=== Section Start ===

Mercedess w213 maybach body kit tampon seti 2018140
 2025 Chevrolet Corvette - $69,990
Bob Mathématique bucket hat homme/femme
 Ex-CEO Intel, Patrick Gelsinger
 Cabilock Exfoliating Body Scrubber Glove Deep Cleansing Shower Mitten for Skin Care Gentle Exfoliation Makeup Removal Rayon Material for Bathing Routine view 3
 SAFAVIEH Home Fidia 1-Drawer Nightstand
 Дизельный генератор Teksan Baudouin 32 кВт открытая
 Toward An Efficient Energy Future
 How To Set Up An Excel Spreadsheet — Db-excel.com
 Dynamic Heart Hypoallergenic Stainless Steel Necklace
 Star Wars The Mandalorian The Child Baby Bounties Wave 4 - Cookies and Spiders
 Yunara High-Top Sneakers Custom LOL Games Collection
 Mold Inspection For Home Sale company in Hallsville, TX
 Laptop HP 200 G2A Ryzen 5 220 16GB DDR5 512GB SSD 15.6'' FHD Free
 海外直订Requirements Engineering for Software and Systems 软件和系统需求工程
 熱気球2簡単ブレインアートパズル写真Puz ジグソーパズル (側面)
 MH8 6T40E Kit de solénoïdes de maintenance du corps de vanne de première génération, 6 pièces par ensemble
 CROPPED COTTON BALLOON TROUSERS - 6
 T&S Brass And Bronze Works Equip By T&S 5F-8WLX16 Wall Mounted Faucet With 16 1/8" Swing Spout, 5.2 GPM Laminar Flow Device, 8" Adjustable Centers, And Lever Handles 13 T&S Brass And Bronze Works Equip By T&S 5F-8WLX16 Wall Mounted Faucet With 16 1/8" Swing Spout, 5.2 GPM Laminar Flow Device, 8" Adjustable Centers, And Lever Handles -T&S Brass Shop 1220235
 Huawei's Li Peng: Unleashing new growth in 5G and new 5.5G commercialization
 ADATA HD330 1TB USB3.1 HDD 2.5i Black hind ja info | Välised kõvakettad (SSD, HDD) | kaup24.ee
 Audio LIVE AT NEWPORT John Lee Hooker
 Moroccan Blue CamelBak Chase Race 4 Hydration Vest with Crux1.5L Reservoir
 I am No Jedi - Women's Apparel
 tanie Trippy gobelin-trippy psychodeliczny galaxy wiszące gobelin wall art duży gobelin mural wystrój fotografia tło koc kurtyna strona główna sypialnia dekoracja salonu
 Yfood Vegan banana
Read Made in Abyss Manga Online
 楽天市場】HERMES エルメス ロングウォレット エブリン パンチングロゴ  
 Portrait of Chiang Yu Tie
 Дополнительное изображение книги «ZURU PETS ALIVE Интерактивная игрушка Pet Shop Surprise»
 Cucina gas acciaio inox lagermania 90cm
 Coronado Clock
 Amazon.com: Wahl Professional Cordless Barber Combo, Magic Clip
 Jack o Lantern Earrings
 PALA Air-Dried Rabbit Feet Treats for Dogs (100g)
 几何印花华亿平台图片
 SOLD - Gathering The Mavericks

=== Section End ===

TASK OBJECTIVE: Take the lines from the top of the data through the one that contains "Ex-CEO Intel, Patrick Gelsinger" and copy them exactly, leaving out every line after it.

COMPLETED TASK:
Mercedess w213 maybach body kit tampon seti 2018140
 2025 Chevrolet Corvette - $69,990
Bob Mathématique bucket hat homme/femme
 Ex-CEO Intel, Patrick Gelsinger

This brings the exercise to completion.